WORK TASK —
Only one stretch of the data below should be repeated: the lines from the line containing "1122 Heritage ROAD — photo 14 of 40" through the line containing "BENETTON péřový kabát vel. 140", inclusive, exactly as they are.

── RECORDS FOR THIS EXERCISE ──

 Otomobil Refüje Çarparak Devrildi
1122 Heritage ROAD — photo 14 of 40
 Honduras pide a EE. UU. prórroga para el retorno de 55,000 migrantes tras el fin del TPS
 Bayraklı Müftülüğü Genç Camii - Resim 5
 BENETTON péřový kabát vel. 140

───
── RECORDS FOR THIS EXERCISE ──

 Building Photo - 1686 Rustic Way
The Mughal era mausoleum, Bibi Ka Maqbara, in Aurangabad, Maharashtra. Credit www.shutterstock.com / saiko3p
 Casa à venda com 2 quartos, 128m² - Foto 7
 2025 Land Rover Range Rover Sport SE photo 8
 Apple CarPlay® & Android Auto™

───

TASK OUTPUT —
1122 Heritage ROAD — photo 14 of 40
 Honduras pide a EE. UU. prórroga para el retorno de 55,000 migrantes tras el fin del TPS
 Bayraklı Müftülüğü Genç Camii - Resim 5
 BENETTON péřový kabát vel. 140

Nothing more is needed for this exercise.